NEW YORK, Feb. 13, 2012 (GLOBE NEWSWIRE) — ZIOPHARM Oncology, Inc. (Nasdaq:ZIOP – News), a biopharmaceutical company with small molecule and synthetic biology approaches to new cancer therapies, announced today positive preliminary overall survival (OS) data from the Company’s randomized, controlled Phase 2 trial of palifosfamide plus doxorubicin vs. doxorubicin alone (PICASSO) in patients with unresectable or metastatic soft tissue sarcoma.

An analysis of the OS data conducted according to the statistical analysis plan, with greater than 70% of events occurring and follow-up of 33 months, demonstrated a meaningfully positive trend favoring the palifosfamide arm (ITT hazard ratio of 0.79 and a mITT hazard ratio of 0.78). This well-controlled trial is demonstrating longer than expected survival in a difficult to treat population. At 2-years after starting treatment, approximately 40% of subjects treated with palifosfamide are alive; 30% in the control arm treated with doxorubicin (including those who crossed-over and received subsequent palifosfamide) are alive, compared to an expected 25% based on randomized data. As planned, the study will continue to track OS events and final results are expected to be reported at a major medical conference in the second half of 2012. This analysis supports the hypothesis behind the powering of the Phase 3 trial (PICASSO 3) for both progression-free survival (PFS) for accelerated approval and OS for full approval.

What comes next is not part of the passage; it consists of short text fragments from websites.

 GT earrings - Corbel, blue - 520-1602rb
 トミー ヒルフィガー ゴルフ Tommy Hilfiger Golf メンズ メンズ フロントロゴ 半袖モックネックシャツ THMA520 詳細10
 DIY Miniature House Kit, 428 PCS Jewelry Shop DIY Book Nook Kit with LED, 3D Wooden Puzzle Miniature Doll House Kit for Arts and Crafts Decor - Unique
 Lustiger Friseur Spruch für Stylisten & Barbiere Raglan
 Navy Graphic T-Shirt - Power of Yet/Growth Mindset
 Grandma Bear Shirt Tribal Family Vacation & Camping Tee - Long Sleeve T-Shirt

“These Phase 2 survival data are promising and important. The data are particularly relevant given the cross-over permitted for patients treated with doxorubicin alone. Having previously demonstrated a statistically significant PFS improvement, these positive survival data are good news for patients who have soft tissue sarcomas,” said Robert Maki, MD PhD, Professor of Medicine, Pediatrics and Orthopedics, and Sarcoma Center leader at Mount Sinai School of Medicine, New York, NY. “I look forward to the potential of these data translating to the ongoing pivotal PICASSO 3 trial, which is appropriately powered for progression-free and overall survival.”

ZIOPHARM is currently evaluating palifosfamide in an international, randomized, double-blinded, placebo-controlled Phase 3 trial in front-line metastatic soft tissue sarcoma, and completing a Phase 1 study in solid tumors, including small cell lung cancer (SCLC). Palifosfamide is entering into an adaptive Phase 3 trial in extensive SCLC expected to initiate in the second half of 2012. Additionally, an investigational new drug application has been accepted for the oral form of palifosfamide.

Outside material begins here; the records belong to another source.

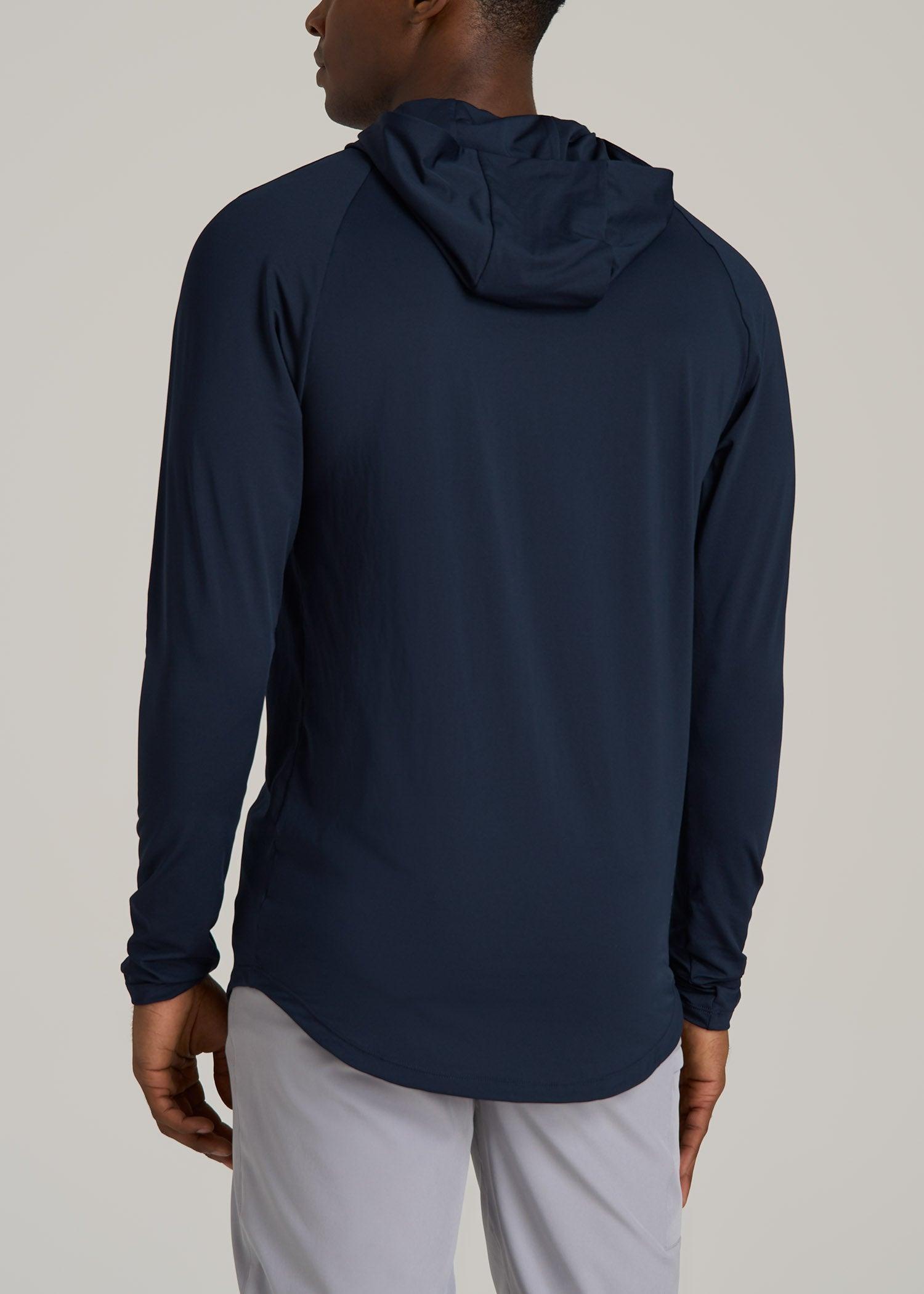 Men's A.T. Performance Training Tall Hoodie in Evening Blue Male Product Image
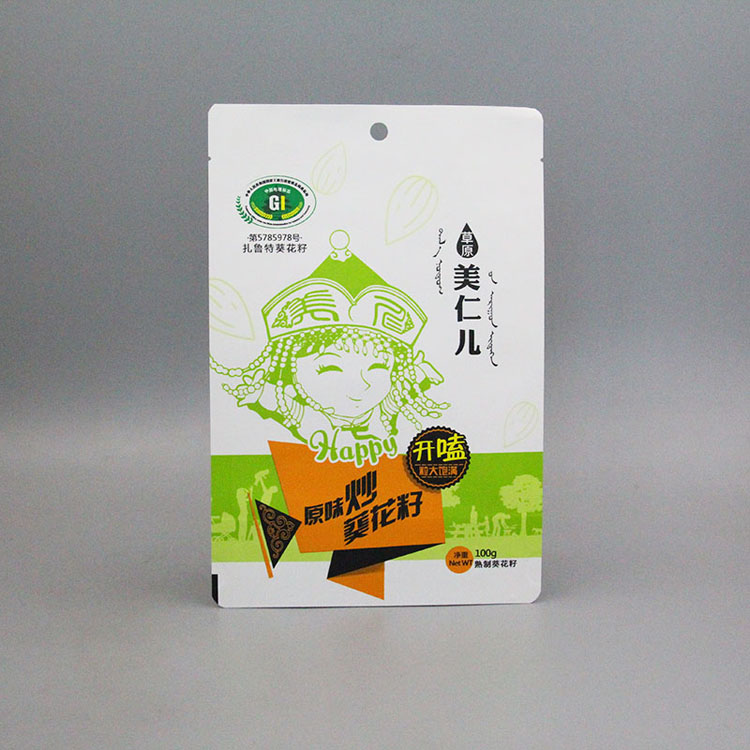 100g瓜子+白牛皮纸复铝箔+自立袋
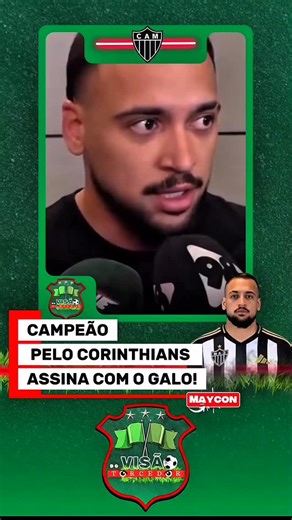 VISÃ⚽️ DO TORCEDOR on Instagram: "Reforço na área o meio campista Maycon desembarcou em BH para assinar com o Atlético Mineiro o volante que é cunhado de Lyanco (zagueiro/Galo) vê com bons olhos a temporada 2026 do alvinegro e disse estar feliz por assinar com o clube. 🖤🤍 #PEGOUAVISAO ? #atletico #maycon #BRASILEIRÃO"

As presented at the 2010 Annual Meeting of the American Society of Clinical Oncology, the Phase 2 PICASSO trial randomized a total of 67 patients with 66 treated and 62 eligible for evaluation. The study was powered to show a difference in PFS between doxorubicin in combination with palifosfamide versus doxorubicin alone. An analysis of the evaluable data reported a hazard ratio of 0.39 (p=0.023). This analysis also reported RECIST response rate — for the palifosfamide arm 23%, and for the doxorubicin arm alone 9%. Safety data have been similar between the arms of the study. The most common grade 3-4 events are neutropenia and elevated creatinine; both observed with similar frequency between treatment groups. There has been no encephalopathy, hemorrhagic cystitis, nor Fanconi’s syndrome observed in the study.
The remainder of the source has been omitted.